Items from a data source:
------------
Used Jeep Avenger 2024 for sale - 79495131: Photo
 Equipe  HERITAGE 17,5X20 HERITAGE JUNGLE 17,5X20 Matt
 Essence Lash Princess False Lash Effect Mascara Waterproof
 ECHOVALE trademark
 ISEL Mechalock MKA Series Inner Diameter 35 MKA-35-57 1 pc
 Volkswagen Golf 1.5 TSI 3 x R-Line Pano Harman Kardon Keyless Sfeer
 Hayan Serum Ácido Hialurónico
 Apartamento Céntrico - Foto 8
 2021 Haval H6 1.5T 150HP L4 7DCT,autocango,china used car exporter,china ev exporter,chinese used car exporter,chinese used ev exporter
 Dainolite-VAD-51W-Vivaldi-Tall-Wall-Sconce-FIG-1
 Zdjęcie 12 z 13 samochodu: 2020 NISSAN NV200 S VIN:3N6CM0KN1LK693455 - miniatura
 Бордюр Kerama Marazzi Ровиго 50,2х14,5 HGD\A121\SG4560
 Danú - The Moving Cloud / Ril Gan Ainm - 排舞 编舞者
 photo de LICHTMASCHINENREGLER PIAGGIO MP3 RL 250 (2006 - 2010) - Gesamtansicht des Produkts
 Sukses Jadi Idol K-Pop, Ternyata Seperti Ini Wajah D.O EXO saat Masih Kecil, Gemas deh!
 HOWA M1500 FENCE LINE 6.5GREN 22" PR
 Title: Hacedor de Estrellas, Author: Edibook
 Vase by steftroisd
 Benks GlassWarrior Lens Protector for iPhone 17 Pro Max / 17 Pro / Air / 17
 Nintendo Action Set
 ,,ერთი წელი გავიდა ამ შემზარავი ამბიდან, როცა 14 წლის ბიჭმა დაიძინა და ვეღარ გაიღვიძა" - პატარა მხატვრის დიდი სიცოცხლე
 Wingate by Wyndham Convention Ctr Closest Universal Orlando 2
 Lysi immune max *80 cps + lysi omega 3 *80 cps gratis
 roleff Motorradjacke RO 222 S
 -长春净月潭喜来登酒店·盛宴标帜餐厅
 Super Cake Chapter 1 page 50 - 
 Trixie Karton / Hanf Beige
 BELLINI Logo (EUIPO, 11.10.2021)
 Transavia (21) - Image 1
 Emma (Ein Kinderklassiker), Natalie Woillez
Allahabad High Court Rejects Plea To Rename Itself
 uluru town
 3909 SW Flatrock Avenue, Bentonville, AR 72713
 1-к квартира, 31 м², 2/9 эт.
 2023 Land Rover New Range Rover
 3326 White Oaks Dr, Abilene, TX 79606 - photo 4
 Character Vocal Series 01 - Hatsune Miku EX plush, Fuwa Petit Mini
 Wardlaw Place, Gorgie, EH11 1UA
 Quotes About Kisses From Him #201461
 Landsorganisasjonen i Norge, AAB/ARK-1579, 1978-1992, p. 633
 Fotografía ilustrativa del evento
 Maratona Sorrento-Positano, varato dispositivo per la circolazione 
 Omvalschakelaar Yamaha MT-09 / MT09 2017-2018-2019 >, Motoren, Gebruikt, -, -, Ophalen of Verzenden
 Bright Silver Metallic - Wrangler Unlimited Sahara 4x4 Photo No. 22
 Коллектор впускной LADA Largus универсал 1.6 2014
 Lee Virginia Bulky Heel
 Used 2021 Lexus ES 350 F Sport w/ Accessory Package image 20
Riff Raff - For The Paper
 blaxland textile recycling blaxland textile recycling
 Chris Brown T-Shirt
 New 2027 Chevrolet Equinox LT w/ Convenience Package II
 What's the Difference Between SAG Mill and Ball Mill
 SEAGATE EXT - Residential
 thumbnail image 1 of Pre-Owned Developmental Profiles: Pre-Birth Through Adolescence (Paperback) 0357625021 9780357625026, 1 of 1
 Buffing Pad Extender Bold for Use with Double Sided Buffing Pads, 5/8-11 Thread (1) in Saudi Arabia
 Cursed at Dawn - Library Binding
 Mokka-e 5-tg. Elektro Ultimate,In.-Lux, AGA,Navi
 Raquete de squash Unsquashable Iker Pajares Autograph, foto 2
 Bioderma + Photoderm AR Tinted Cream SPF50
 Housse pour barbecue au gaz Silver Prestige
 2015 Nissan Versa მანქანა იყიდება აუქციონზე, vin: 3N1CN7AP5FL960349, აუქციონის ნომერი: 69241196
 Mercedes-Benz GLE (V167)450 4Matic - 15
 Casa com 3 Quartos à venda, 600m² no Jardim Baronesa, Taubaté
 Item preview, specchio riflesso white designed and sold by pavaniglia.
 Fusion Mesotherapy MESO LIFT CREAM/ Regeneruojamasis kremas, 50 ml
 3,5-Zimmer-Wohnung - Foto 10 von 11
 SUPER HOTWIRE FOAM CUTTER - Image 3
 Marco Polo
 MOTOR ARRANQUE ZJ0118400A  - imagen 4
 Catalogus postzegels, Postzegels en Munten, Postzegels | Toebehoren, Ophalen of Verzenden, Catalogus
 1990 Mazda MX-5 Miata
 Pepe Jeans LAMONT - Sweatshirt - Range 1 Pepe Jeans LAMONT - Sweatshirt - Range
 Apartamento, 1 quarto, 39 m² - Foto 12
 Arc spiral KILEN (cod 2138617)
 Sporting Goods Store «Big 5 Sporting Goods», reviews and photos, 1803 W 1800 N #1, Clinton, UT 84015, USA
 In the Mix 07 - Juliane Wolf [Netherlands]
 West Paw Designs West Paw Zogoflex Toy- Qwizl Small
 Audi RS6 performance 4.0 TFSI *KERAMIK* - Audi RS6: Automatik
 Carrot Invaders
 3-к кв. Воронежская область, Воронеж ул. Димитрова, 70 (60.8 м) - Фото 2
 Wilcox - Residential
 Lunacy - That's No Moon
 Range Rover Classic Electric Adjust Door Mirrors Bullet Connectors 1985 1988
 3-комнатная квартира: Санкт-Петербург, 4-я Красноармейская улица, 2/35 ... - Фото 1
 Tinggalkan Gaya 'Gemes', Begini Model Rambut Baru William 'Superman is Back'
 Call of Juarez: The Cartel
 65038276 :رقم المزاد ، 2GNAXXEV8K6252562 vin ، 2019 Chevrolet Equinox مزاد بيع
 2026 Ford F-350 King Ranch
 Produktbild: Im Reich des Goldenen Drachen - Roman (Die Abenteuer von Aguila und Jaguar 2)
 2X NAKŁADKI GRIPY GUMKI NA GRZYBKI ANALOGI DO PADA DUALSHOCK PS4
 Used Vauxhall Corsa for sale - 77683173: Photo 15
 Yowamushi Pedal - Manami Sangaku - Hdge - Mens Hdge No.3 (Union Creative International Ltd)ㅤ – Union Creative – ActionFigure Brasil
------------
» **Task details**
Copy all lines of the records in which the string "Apartamento" can be found.

» **Task response**
 Apartamento Céntrico - Foto 8
 Apartamento, 1 quarto, 39 m² - Foto 12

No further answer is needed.